Aiming at understanding N2O formation in a low-temperature SCR process, mechanistic studies regarding the synergistic removal of NO and inhibition of N2O formation by the addition of Ce and V into MnOx/Ti based catalysts prepared by the sol-gel method were conducted and analyzed by various techniques, including BET, XRD, XPS, NH3-TPD, and FTIR. The results show that the addition of Ce raises the NO conversion efficiency and shifts the high performance region toward the low temperature range, while the addition of V generates less N2O. As an optimal formula, Mn(0.4)Ce(0.1)V(0.01)/Ti ensures a high NO conversion efficiency and low N2O formation.

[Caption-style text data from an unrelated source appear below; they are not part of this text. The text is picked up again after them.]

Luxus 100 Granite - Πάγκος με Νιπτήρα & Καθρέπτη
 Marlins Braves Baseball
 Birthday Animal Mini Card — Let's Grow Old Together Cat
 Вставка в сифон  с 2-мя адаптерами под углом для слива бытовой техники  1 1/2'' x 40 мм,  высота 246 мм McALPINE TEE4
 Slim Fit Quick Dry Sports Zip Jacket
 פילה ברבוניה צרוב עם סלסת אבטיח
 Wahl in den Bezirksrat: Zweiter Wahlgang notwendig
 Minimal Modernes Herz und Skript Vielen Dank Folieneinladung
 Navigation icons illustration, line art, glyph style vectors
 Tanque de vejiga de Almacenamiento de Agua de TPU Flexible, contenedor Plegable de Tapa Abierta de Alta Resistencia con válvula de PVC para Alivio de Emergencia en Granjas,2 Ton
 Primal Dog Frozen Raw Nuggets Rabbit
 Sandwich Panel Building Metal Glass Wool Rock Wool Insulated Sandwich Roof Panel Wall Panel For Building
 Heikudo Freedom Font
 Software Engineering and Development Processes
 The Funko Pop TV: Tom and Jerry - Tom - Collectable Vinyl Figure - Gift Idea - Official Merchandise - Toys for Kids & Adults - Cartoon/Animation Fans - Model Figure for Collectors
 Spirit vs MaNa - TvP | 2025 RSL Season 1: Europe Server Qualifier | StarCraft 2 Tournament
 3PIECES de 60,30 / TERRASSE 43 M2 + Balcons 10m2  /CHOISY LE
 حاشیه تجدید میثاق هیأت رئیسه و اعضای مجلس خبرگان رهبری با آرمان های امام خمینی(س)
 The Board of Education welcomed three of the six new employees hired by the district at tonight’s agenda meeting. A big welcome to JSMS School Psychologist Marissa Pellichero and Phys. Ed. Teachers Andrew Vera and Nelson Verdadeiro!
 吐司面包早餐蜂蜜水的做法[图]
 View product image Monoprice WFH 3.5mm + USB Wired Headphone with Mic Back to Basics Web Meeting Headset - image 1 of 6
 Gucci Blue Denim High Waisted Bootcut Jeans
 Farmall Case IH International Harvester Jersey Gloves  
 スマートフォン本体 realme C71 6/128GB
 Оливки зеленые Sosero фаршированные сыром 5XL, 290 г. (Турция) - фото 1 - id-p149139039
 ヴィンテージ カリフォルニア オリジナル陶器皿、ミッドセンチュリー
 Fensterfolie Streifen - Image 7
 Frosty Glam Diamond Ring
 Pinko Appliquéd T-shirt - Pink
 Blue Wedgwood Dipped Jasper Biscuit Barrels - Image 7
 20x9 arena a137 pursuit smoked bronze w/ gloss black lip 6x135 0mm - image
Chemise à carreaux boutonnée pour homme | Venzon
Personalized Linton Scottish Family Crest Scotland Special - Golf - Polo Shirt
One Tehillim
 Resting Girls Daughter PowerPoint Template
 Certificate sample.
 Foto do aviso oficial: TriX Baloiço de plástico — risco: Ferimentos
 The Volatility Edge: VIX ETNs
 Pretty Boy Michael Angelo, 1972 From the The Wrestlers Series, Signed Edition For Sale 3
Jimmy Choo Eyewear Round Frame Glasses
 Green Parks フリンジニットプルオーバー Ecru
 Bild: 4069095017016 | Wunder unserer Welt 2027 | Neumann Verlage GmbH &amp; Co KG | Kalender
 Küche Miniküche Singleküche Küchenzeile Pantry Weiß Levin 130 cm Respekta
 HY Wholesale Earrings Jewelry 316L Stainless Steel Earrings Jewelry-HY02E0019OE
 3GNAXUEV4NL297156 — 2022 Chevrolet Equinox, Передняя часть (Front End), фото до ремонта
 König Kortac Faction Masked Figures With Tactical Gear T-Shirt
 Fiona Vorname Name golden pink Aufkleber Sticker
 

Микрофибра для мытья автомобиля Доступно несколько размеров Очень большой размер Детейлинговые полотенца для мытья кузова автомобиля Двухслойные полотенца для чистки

N2O mainly originates from (1) the direct oxidation of NH3 with O2 and (2) the reaction of NO and adsorbed NH3 in the low-temperature SCR process. The latter plays a dominant role at temperatures below 240°C. The strong redox properties on the MnOx/Ti catalyst surface result in a high NO conversion efficiency and generates numerous NH(ads) species that cause N2O formation. The slight addition of V promotes the formation of acid by bringing Lewis acid sites to the catalyst surface and effectively restricts N2O formation. Lewis acid sites have a positive function in maintaining a high NO conversion and inhibiting N2O formation compared to Brønsted acid sites. In addition, the well-dispersed V on the surface of Mn(0.4)Ce(0.1)V(0.01)/Ti results in improved textural properties, more lattice oxygen and less labile oxygen, as well as comparable Mn4+/Mn3+, which also improves the catalyst performance at low temperature.